Más adentro había un gallinero, con gallinas criollas, castellanas y araucanas de esas que ponen huevos azules, cuidadas severamente por hermosos gallos chilenos.
Desde la galería un frondoso parrón cubría gran parte del patio en dónde jugábamos al “luche”. Allí también se celebraba el cumpleaños de Alicia, muchos globos colgaban del parrón, nosotras hermosamente vestidas y con nuestros respectivos gorros de fiesta, nos sentábamos a compartir el chocolate, era la delicia de todos los acompañantes a la fiesta. Y cuando ésta estaba en su resplandor, se partía la torta acompañada de los cantos de augurio a la festejada.
En ocasiones, Alicia acostumbraba a usar la “honda” y siempre estaba atenta a lanzar alguna piedra al hijo al vecino que trataba de robar la uva blanca del parrón.
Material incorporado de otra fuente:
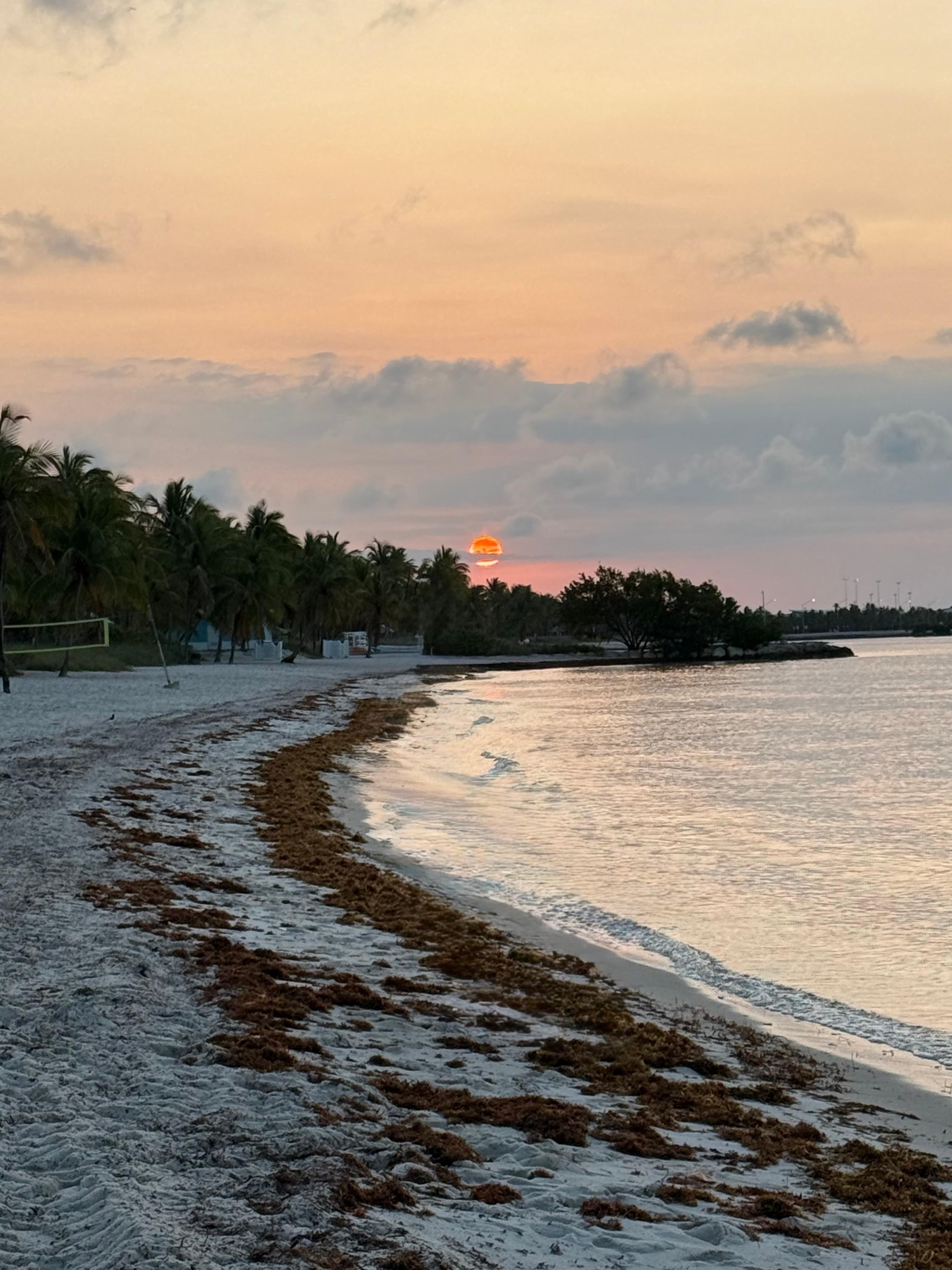 Beach sunrise 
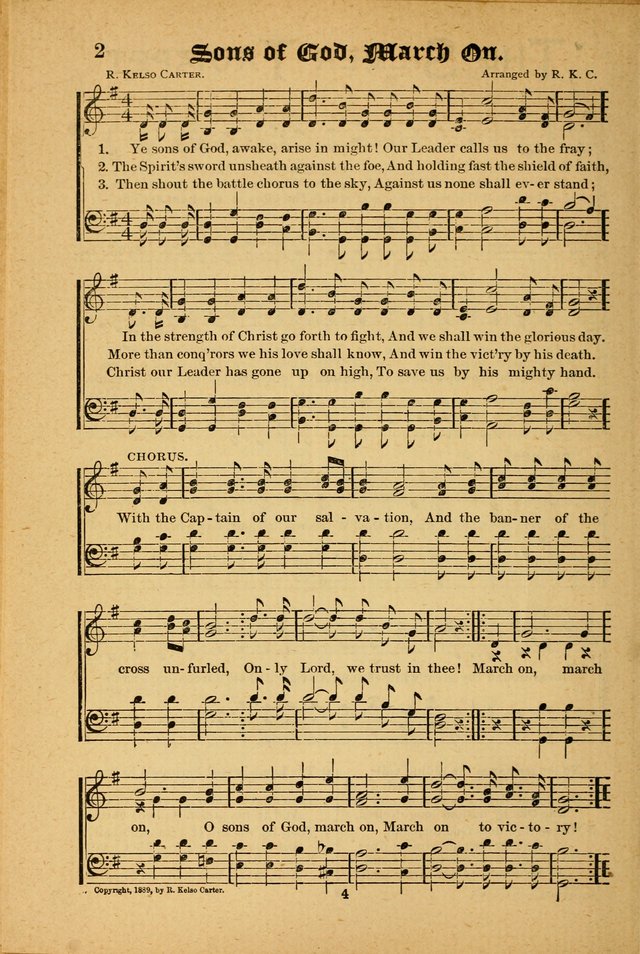 The Silver Trumpet: a collection of new and selected hymns; for use in public worship, revival services, prayer and social meetings, and Sunday schools page 4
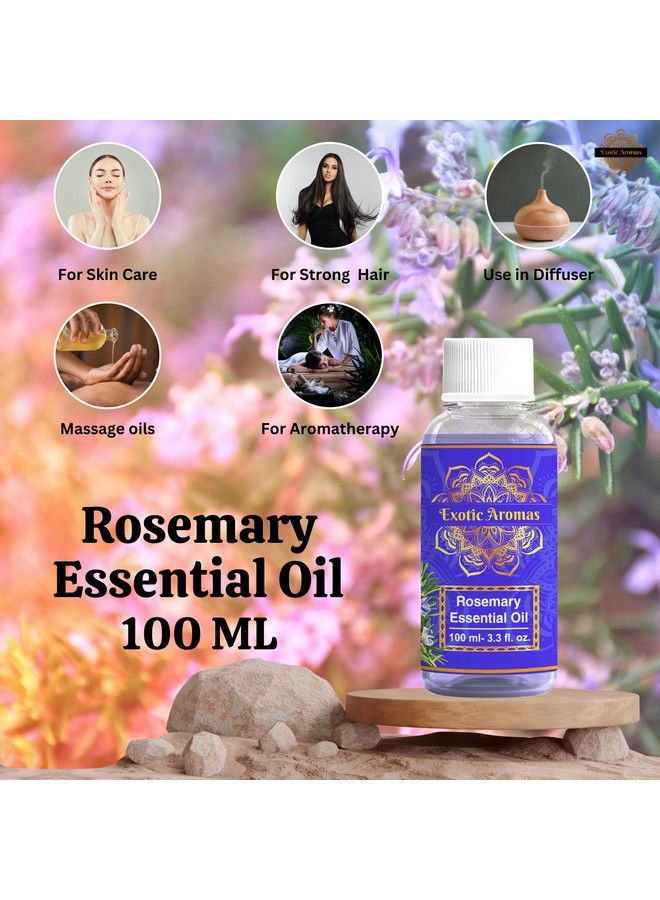 Exotic Aromas Rosemary Oil For Hair Growth 100 Ml Skin Aromatherapy 100% Pure & Natural - Image 3
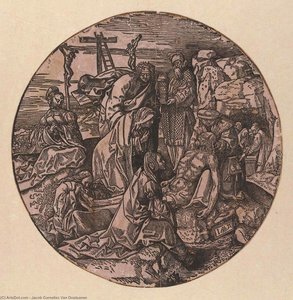 Lamentation And Entombment Of Christ — Jacob Cornelisz Van Oostsanen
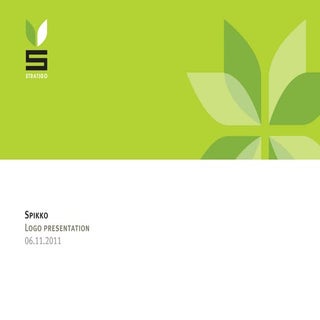 Spikko logo presentation - 06.11.2011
Cuando cumplimos ocho años, a las tres nos vistieron de novias y con una flor de azucena en las manos, de rodillas recibimos por primera vez la comunión. La Iglesia estaba adornada con muchas flores, se hacía difícil respirar, recuerdo que tuve que sofocar un principio de desmayo. En esa ocasión, sentíamos que éramos niñas muy buenas.
Había unos días en que toda la casa de Alicia se inundaba de alegría, se llenaba de invitados, llegaban días antes y se retiraban días después gracias a la generosidad de la familia. Era el santo del abuelo. En esos días ningún adulto se preocupaba de nosotras, entonces hacíamos lo que queríamos: nos subíamos a los árboles, nuestro árbol preferido era una enorme higuera, cuestión prohibida para nosotras las niñas, robábamos los huevos azules más grandes para luego ir a comerlos allá arriba batidos con azúcar. A través de las rejas colindantes hacíamos entrar a muchos niños que siempre pedían fruta, llenábamos sus canastos con higos, manzanas, duraznos, uva, ciruelas y caquis. Alicia era la más contenta con estas acciones.
Una de las zonas más bellas de la casa que recuerdo está al final del jardín principal, gran cantidad de hortensias rosadas y azules muy grandes, eran verdaderos árboles que nos cobijaban, donde nosotras jugábamos a las escondidas.
Cuando cumplimos doce años estábamos entre la niñez y la adolescencia. A veces nos sentíamos grandes y nos maquillábamos a escondidas debajo de la higuera. Lila tenía el pelo muy negro y liso, Alicia era castaña y con brillos dorados en su larga cabellera ensortijada, y yo tenía el cabello castaño y muy corto, mi mamá lo prefería así, tal vez porque tenía que peinar a muchos hijos y ocupaba menos tiempo. Entonces me gustaba peinar a mis amigas.
Nos adornábamos con flores, hacíamos diversas coronas, entonces nos sentíamos reinas.
Alicia tocaba el piano, estudió solfeos y escalas durante muchos años, su abuela quería que la nieta fuera concertista. Pero ella detestaba las clases y solo acudía para obedecerle.
Un día Lila se sintió sin fuerzas para salir a jugar al patio, entonces nos quedamos en el salón esperando que las clases de piano terminaran. Nos pusimos a escuchar discos, cuando nos dimos cuenta que eran tangos, Alicia y yo tratamos de bailar como lo hacían los adultos, nos reímos mucho pero pronto nos aburrimos. No sabíamos qué hacer, estábamos acostumbradas a salir a jugar al patio, a subirnos a los árboles, pero nos dimos cuenta que nuestra amiga no tenía ni una pizca de energía.
Lila se puso grave. Fuimos a su casa a verla y nos asustó su palidez. La seguimos visitando hasta el día en que su madre nos dió la mala noticia: nuestra amiga se había ido en un plácido sueño. Nos retiramos en silencio sintiendo temblor en las piernas y un gran hueco en el corazón.
Fue velada en su casa, rodeada de sus familiares y amigos. Alicia y yo le llevamos diademas con las flores que poco antes habían adornado nuestros cabellos cuando jugábamos a ser reinas.